In this study I have argued that that the idea known in the literature as the politics- administration dichotomy is not as nonsensical as it is often believed to be, but (if properly understood) can still be relevant for our theories and practices of government. Now, it may be thought that this endorsement of the dichotomy between politics and administration in government implies a tacit endorsement of the division between the studies of politics and administration in academia as well. Should Public Administration not be separated from Political Science?

I believe this does not follow, at least not from my position on the dichotomy.

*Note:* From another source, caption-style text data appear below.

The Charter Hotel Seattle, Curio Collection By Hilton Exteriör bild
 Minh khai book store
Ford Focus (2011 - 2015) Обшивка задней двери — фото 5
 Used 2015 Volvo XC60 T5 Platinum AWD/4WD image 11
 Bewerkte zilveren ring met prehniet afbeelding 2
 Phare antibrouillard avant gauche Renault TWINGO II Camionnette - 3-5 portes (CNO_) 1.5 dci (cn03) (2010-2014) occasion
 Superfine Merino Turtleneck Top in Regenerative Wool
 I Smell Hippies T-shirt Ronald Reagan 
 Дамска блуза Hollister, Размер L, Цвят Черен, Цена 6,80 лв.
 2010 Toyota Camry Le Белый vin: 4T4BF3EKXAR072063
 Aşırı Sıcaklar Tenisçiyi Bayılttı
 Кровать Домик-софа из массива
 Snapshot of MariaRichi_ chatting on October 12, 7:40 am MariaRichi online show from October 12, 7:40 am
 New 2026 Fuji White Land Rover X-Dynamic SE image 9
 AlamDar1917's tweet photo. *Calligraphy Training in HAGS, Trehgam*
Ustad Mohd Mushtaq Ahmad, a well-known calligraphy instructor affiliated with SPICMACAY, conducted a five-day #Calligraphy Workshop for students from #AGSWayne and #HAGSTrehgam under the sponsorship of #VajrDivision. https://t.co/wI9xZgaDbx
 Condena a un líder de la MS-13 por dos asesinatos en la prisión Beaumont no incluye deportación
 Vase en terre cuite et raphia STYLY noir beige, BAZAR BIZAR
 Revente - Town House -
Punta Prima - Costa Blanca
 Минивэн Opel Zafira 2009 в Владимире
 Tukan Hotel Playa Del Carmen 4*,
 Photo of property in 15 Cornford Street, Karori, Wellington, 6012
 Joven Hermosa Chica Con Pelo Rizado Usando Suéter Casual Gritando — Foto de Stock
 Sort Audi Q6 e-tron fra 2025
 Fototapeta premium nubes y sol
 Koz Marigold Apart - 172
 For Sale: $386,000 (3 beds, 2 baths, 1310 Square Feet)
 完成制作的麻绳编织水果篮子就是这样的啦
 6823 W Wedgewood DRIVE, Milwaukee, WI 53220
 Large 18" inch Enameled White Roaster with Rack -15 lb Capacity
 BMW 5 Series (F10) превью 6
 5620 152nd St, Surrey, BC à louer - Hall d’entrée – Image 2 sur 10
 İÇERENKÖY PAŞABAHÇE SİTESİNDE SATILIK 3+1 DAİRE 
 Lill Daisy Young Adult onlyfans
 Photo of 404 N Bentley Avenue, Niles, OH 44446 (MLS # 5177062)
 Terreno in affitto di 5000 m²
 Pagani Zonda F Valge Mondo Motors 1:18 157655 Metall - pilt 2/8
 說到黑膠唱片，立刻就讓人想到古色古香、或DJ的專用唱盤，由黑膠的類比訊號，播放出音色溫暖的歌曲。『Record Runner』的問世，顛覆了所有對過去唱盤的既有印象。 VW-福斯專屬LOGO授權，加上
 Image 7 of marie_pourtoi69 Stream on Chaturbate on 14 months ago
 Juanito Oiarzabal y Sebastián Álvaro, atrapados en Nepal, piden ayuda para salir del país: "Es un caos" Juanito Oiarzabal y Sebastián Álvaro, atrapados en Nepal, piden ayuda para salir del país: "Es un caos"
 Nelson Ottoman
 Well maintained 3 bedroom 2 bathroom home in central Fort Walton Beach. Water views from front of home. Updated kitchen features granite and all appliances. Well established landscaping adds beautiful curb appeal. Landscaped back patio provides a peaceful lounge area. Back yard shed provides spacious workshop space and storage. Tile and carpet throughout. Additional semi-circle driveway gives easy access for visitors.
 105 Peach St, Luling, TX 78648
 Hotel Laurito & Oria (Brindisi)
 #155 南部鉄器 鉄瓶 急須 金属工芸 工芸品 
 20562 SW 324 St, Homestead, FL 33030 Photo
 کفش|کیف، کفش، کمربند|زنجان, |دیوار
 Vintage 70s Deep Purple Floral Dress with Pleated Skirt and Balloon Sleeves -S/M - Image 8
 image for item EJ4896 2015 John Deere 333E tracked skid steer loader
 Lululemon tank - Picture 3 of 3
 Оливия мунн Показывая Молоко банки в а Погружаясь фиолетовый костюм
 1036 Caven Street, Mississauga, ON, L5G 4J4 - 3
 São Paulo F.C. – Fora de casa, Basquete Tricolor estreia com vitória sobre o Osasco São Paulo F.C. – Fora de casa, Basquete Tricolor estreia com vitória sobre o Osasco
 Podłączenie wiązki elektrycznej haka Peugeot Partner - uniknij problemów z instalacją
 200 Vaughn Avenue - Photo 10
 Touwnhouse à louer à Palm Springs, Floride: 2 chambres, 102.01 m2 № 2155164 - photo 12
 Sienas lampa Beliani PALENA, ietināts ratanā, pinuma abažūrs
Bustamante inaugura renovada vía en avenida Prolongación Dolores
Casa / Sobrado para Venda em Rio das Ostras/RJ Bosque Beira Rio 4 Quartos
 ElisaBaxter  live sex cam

There may be other reasons to establish and maintain Public Administration as a separate field of study (separate, also, from Political Science), but the continuing relevance of the dichotomy is not one of them. On the contrary, I think that if we want to improve our understanding and appreciation of the dichotomy we should better not separate the studies of politics and administration but rather combine the two. This brief epilogue is intended to explain this paradox. Returning once more to Dwight Waldo, I look at his involvement in the two fields and his ideas on the relation between them, and then I argue for a closer integration of political and administrative thought in the light of my understanding of the dichotomy as a constitutional principle.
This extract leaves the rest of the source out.